Chen verdient umgerechnet 1500 Euro im Monat. Er und seine Frau wohnen mit ihren zwei Kindern in einer 35-Quadratmeter-Wohnung unweit des Terminals: ein Wohnzimmer, randvoll mit Büchern, und zwei kleine Schlafzimmer, in jedem davon ein Etagenbett. „Dieses Stockbett hier“, Chen weist nach rechts, „ist für meinen Sohn und mich.“ Das andere ist für Frau und Tochter. Die Wohnung befindet sich in einem Block namens „Kwai Fong Estates“ in West-Kowloon. Die Anlage besteht aus fünf Häusern zu je 38 Stockwerken. Man erreicht sie durch schmale Korridore ohne Fenster, eine kleine Wohnung neben der anderen, alle mit Gittern vor den Türen, zum Schutz vor Einbrechern.
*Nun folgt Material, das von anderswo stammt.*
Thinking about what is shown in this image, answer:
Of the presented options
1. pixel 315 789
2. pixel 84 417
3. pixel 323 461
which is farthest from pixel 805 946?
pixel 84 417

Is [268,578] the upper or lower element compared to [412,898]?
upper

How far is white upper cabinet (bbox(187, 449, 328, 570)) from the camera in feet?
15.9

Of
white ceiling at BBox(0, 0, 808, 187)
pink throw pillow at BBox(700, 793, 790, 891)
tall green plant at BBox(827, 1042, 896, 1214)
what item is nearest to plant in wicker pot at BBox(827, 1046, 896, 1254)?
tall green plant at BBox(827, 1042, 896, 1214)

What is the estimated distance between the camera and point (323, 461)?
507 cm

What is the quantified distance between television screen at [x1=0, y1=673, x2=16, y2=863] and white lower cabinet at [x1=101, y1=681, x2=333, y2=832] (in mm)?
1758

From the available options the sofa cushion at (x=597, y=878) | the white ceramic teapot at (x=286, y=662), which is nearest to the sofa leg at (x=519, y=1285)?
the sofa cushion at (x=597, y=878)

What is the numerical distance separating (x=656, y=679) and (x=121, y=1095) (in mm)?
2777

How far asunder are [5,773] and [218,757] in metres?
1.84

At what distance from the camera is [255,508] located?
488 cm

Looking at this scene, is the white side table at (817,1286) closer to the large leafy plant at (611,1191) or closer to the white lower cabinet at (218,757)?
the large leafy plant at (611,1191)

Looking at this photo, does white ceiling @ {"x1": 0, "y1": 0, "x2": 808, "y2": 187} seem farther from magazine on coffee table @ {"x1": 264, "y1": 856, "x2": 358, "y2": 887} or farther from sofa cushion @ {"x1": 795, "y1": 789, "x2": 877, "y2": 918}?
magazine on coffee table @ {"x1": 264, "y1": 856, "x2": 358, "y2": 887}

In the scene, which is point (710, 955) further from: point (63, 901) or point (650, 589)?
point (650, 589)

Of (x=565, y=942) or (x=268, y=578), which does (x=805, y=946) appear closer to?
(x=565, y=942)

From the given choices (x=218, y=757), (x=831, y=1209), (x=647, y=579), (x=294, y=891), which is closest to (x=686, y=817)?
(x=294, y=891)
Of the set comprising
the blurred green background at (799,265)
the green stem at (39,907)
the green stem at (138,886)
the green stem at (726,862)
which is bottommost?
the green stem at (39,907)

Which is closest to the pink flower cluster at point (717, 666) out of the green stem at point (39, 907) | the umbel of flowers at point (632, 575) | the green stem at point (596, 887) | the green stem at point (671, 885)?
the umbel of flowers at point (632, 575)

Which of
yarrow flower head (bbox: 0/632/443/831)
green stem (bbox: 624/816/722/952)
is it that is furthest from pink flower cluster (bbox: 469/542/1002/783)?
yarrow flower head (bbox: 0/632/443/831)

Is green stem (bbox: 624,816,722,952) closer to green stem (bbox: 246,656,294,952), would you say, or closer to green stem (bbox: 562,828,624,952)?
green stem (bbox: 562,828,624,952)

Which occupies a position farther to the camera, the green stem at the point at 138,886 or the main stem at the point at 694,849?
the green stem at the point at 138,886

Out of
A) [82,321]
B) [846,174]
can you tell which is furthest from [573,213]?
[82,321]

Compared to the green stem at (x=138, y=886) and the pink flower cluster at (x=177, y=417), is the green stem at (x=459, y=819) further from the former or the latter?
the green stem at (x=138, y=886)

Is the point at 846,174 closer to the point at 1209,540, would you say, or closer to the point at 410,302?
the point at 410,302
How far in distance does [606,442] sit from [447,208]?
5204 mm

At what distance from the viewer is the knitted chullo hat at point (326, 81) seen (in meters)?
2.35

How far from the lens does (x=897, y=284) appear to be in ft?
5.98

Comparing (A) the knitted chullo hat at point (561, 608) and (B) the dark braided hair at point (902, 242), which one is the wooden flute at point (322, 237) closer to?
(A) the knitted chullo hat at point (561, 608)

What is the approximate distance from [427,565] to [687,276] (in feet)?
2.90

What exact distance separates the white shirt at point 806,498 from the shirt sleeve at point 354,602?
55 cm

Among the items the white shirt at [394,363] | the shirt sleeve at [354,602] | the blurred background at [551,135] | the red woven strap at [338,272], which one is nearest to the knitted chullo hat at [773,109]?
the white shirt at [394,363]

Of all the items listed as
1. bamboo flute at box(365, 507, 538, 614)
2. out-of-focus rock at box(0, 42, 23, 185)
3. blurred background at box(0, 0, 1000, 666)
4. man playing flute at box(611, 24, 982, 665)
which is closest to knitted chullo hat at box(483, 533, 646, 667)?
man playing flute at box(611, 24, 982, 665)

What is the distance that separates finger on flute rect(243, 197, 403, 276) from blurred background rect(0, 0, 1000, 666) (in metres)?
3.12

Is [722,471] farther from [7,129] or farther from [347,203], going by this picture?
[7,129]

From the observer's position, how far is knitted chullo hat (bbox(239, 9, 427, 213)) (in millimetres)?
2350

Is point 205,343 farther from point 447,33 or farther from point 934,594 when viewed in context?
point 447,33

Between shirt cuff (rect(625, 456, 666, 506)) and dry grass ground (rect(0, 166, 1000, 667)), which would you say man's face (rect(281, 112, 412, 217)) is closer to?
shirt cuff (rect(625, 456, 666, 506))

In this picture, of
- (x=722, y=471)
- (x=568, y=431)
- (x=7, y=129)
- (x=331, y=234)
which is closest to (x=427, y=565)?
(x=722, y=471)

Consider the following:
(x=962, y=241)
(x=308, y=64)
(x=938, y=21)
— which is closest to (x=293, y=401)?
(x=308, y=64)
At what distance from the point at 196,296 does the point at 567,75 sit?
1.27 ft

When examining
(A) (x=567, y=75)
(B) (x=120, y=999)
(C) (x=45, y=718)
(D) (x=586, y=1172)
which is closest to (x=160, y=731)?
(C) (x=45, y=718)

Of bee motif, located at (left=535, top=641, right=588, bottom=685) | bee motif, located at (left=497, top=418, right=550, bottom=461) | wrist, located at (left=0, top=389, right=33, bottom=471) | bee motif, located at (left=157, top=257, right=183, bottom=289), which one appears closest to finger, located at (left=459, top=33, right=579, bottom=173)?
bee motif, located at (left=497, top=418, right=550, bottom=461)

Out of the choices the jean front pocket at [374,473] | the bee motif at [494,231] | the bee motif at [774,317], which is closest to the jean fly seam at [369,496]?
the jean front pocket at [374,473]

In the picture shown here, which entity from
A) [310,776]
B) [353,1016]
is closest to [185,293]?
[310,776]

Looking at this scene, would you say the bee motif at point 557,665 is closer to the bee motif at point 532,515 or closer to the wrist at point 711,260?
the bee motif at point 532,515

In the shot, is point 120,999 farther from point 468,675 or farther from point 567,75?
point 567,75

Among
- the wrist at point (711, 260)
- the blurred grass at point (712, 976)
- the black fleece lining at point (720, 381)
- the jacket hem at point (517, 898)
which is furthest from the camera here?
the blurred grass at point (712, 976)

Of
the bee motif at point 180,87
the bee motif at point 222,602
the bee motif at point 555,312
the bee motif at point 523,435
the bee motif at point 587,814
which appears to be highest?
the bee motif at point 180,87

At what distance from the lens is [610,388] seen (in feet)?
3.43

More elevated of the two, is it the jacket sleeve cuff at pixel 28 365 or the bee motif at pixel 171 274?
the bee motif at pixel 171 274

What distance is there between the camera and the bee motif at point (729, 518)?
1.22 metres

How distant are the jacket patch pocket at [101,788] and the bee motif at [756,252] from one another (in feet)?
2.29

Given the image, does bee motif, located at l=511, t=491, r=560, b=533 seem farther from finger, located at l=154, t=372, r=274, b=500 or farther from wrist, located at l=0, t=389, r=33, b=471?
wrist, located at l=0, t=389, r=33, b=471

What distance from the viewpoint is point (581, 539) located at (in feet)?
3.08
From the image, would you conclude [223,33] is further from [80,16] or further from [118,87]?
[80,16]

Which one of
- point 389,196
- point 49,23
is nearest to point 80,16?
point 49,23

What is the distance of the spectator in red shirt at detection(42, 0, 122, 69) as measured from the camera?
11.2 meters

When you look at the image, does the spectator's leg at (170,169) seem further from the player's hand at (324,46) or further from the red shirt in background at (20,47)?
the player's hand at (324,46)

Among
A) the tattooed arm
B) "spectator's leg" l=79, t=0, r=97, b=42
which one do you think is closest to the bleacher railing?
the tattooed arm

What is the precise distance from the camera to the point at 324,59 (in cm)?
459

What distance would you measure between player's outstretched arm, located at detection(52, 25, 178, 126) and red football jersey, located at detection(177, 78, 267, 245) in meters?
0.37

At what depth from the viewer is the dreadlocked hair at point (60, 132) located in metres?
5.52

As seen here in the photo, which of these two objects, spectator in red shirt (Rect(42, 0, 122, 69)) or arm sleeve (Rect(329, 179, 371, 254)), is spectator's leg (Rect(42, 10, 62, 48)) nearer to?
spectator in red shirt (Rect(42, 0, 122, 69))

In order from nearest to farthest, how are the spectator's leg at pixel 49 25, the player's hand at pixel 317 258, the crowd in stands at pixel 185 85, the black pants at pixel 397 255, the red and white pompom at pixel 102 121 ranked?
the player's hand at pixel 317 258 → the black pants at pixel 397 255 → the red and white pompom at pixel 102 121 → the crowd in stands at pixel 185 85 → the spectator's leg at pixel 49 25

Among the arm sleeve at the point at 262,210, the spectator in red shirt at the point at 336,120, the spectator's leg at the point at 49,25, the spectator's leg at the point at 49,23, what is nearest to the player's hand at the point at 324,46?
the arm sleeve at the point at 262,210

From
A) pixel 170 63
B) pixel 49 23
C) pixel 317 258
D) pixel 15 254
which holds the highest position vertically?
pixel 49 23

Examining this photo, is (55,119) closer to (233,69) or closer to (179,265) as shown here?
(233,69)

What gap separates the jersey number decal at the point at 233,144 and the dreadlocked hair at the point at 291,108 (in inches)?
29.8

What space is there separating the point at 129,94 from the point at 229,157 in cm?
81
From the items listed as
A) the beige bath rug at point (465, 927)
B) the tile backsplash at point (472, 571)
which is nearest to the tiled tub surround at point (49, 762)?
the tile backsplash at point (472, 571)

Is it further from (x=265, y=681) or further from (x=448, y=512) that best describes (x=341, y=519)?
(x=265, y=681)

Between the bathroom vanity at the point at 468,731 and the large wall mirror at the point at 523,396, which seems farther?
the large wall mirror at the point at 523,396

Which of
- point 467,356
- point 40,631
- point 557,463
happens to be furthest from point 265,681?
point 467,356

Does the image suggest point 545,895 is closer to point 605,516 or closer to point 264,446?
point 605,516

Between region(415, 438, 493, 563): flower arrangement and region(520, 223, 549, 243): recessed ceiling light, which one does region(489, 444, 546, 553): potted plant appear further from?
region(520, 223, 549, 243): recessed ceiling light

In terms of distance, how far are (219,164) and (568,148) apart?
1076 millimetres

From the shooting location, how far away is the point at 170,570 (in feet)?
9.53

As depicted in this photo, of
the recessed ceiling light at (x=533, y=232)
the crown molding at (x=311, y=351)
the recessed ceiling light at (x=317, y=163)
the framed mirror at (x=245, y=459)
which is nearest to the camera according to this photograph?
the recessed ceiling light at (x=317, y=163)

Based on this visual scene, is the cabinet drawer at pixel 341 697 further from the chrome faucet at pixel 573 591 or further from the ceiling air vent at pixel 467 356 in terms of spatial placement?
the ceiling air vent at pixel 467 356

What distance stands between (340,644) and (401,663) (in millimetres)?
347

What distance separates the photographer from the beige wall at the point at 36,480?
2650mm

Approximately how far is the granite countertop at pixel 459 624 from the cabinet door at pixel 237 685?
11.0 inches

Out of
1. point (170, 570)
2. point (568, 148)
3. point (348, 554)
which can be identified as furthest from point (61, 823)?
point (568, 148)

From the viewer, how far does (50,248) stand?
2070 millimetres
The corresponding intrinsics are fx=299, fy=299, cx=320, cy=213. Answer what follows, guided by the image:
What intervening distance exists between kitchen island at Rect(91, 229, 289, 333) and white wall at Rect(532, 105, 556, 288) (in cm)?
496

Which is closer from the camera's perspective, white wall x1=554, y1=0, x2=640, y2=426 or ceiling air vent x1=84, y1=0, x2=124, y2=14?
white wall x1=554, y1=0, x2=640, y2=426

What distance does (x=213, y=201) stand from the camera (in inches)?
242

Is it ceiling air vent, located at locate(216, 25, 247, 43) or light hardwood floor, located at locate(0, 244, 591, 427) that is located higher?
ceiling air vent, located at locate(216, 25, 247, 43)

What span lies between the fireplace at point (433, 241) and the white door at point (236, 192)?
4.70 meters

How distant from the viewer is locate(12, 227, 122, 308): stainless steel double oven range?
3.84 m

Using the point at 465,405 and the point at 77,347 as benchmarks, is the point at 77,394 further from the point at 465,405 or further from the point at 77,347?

Als Chen ein Kind war, hätte eine Wohnung wie die, in der er jetzt wohnt, nicht als klein gegolten, jedenfalls nicht für ihn. Chen ist in Wan Chai aufgewachsen, damals so etwas wie das St. Pauli Hongkongs. Statt in einer Wohnung lebte er mit Geschwistern und Eltern auf einer Seite eines Zimmers, in dem auch andere wohnten. Die private Behausung war das Etagenbett. Chens Vater war Schneider. Er hatte es nicht weit bis zur Arbeit; zum Nähen hockte er sich aufs Bett.

Hongkong gehörte damals zur Dritten Welt. Das ist heute nicht mehr so. Aber es gibt noch immer eine extreme Klassengesellschaft. 2012 wohnten 114 000 Millionäre in Hongkong, ein Drittel mehr als im Jahr zuvor. Zugleich leben 20 Prozent der Menschen unter dem amtlich festgesetzten Existenzminimum, 100 000 von ihnen in Wellblechbuden auf den Dächern hoher Häuser und in sogenannten Käfighäusern.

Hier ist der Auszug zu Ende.